Building a Partition Wall
Partition walls create two living spaces out of one and are often used to construct new rooms in incomplete basements or lofts.
These walls can be built using one of two methods; framing the wall into place or constructing the frame on the floor and then tilting it into position which is the easier option, space permitting.
Before finishing the wall by hanging drywall, you will need to get the local building inspector to come and check the structure of the wall and the completed plumbing and wiring amendments.
Building a partition wall requires average carpentry ability and building a 10 foot wall will take an experienced carpenter about 1½ hours whereas it will take a novice approximately 2½ hours.

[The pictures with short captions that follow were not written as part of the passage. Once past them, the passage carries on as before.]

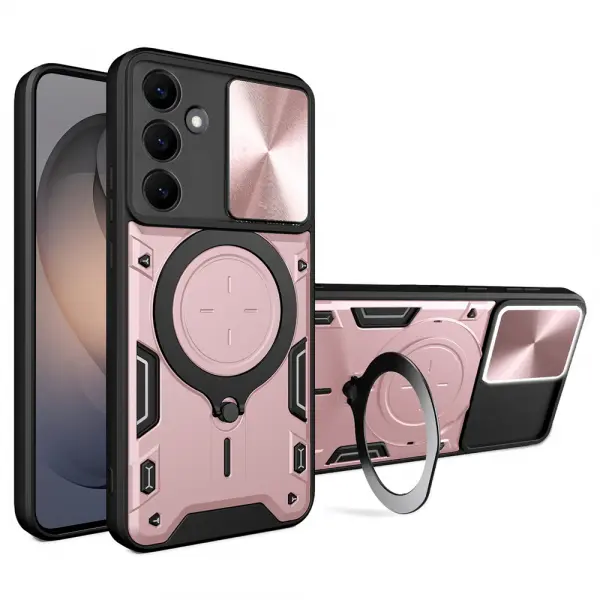 Husa pentru Samsung Galaxy S26 S942, Techsuit, CamGuard Pro, Roz Aurie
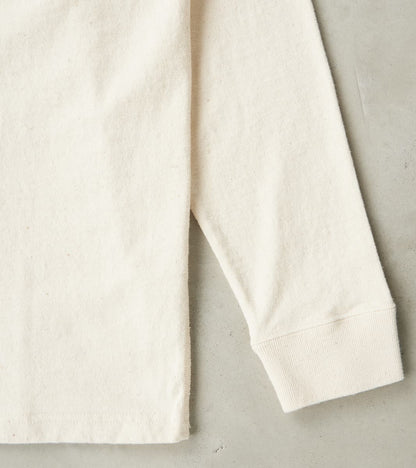 SJSLT-SC01 Japanese Cotton Long Sleeve T-Shirt - Natural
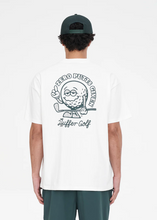 Load image into Gallery viewer, Block Tee Zero Putts - Chalk/Green | Abbey Road Kaikoura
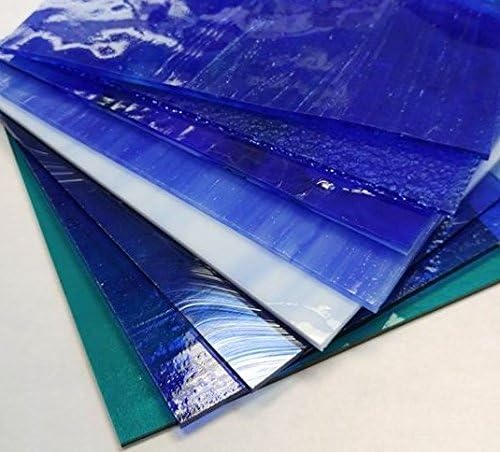 Опаковка от цветно стъкло 6 x8, Blue Разнообразие От Stallings Stained Glass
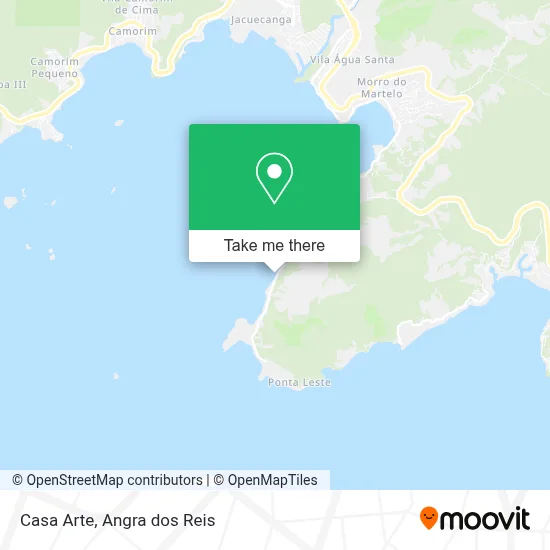 Casa Arte map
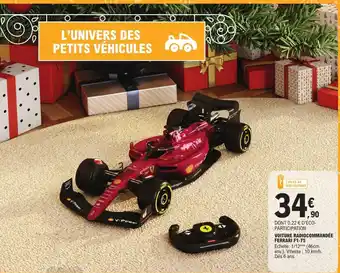 E.Leclerc Voiture radiocommandée ferrari f1-75 offre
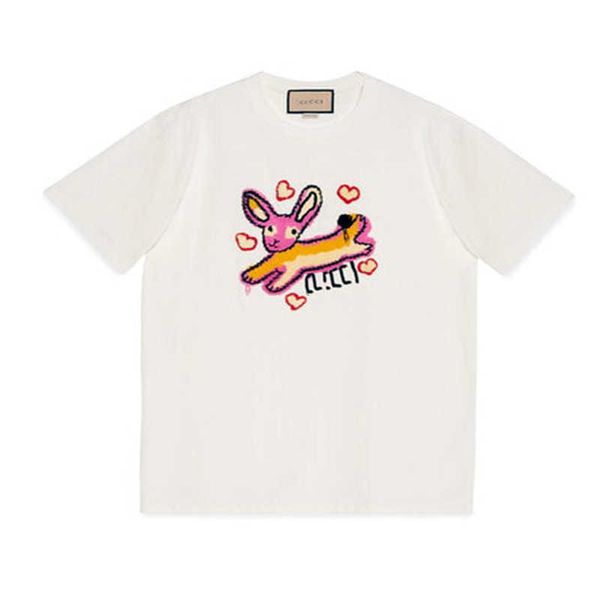 correct version, verified version, luxury fashion item, rabbit embroidery, cotton short sleeved t-shirt, round neck, women's summer ver, White
correct version, verified version, luxury fashion item, rabbit embroidery, cotton short sleeved t-shirt, round neck, women's summer ver, White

In most cases, interior partition walls are built using 2×4 framing lumber although in some circumstances for example if the partition wall is required to hold large plumbing waste or drain pipes, then 2×6 lumber should be used.
In the areas where the wall plates will need to be cut to fit the pipes or other fixtures, you will need to use metal straps to join the framing components and tie them together.
Depending on your needs i.e. if you intend to use the room for drumming practice, you may want to soundproof the new wall and this can be done by filling the wall with fibreglass insulation.
Framing a partition wall
As mentioned above, the easiest way to frame a partition wall is on the floor and here is how to do it:
- Locate and snap a line on the floor, by measuring from an existing wall, to layout the bottom plate of the new wall. Do not worry if the corners are perfectly square as the most important thing is that the new and old walls are parallel.
- Establish the length of the wall and cut the 2×4 lumber top and soleplates to this size. Place the two pieces side by side and lay out the top and soleplates, spacing the centres of the suds 16 inches apart. Then lay out any doors and windows and mark the edge of the plates so that they are visible when nailing.
- Using a tape measure or for more accuracy, a plumb bob, measure the distance between the floor and ceiling (or joists) at numerous locations along the intended wall space. Then subtract 3½ inches from the shortest distance reading (to allow for 1½ inch for the top and soleplates and an additional ½ inch for space to manoeuvre the wall into place). This figure will be your stud length.
- To find out how many studs you will need, count the layout marks and cut this amount to length. Look at the edge of each stud and if any are not straight, mark the side which has the high spot (crown)
- Place the soleplate on its side along the floor line, then using your best two studs, place them at the end of each wall with the crown edge upwards. Using 6d nails, nail the studs to the soleplate.
- Next, lay the top edge on its side with the layout marks facing inwards towards the soleplate and nail it to the end studs with 16d nails. Add the remaining studs, with the crown upwards and nail these into place.
- Lift the wall and position the plates using the floor and ceiling lines. If the wall is too loose, add tapered pieces of lumber (shims) under the bottom plate to tighten any gaps and make it fit properly. Using 16d nails, attach the wall to the floor and ceiling joists.
Note: Always use the same tape measure from the start to the finish of a project to ensure consistent, reliable measurements as they are not always created exactly the same and accurate readings are essential for such projects to be a safe success.